The origin of the Activity Graph
The story of the almost year-long project behind LinkedIn’s Activity Graph begins with a bug report, as things usually go. We noticed that sometimes, sponsored content (i.e., an ad) would show up in the first position in a member’s feed. This is against our internal best practices and something we actively try to avoid; we want the most interesting organic content to be the first thing a member sees, not an ad.
Speaking of “organic content,” let’s define it: it consists of the pieces of member-generated content in the feed, which we call “Activities.” An Activity is defined by three main components: Actor, Verb, and Object. An example in prose would be “Val shared a text post,” or “Vivek liked a comment.” We present these Activities as cards in the feed UI.
The root cause of an ad showing up as the first piece of content was that we did actually prepare an organic Activity for the first slot, but that Activity was dropped later on (during a process we call “decoration”) because it was marked by our systems as spam. So the problem stemmed from spam being removed at the last moment before the feed was displayed to the member.
But it wasn’t just spam organic content we had to worry about. Our policies around spam were changing to introduce the concept of “low-quality” (LQ)—content that’s not quite spam, but that most LinkedIn members wouldn’t want to see. You can read more about how we classify this kind of content in another post about various strategies for keeping the feed relevant for our members. We needed a way to support these new business rules, and dropping LQ content during decoration (in addition to dropping spam) made the ad-in-first-place issue worse.

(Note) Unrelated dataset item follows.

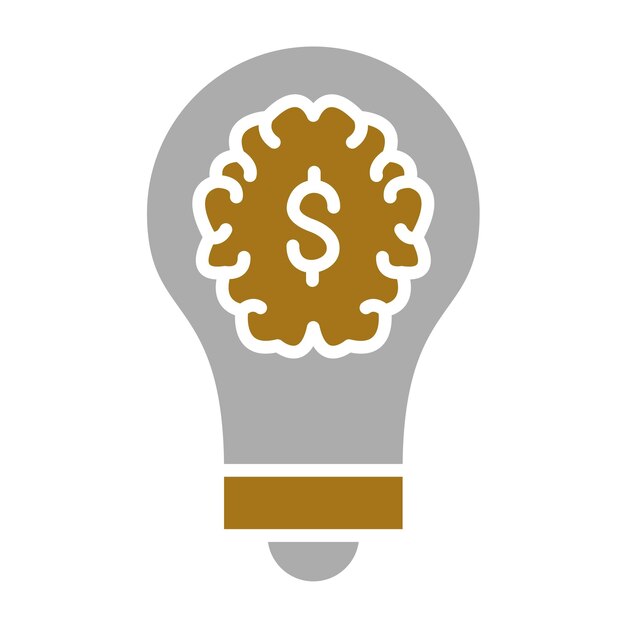 Ideas de diseño vectorial Estilo de icono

This also created other problems beyond a poor member experience; our relevance teams train their machine learning models based on member interactions with the feed, and those models need accurate data. If an Activity is dropped during the decoration step, what the member actually sees when the page is rendered does not match what the model thinks they saw.
The decoration step
It’s important to understand what decoration means for the feed before we continue. The lower layers of the feed stack (the FollowFeed system) deal with identifiers for Activities; an example would be urn:li:activity:123. So when FollowFeed recommends a list of Activities, it will send back a list of URNs. Near the top of the stack, the URNs need to be resolved so that the full data for each Activity is available; but the Activity data itself could be referencing yet more URNs, and those too need to be resolved as a result. This step of recursive URN resolution is called decoration (“deco”).
If the decoration system sees that any URN that can be transitively reached during decoration has some spam/LQ state attached, it refuses to decorate the top-level record. This is meant to be a safety net.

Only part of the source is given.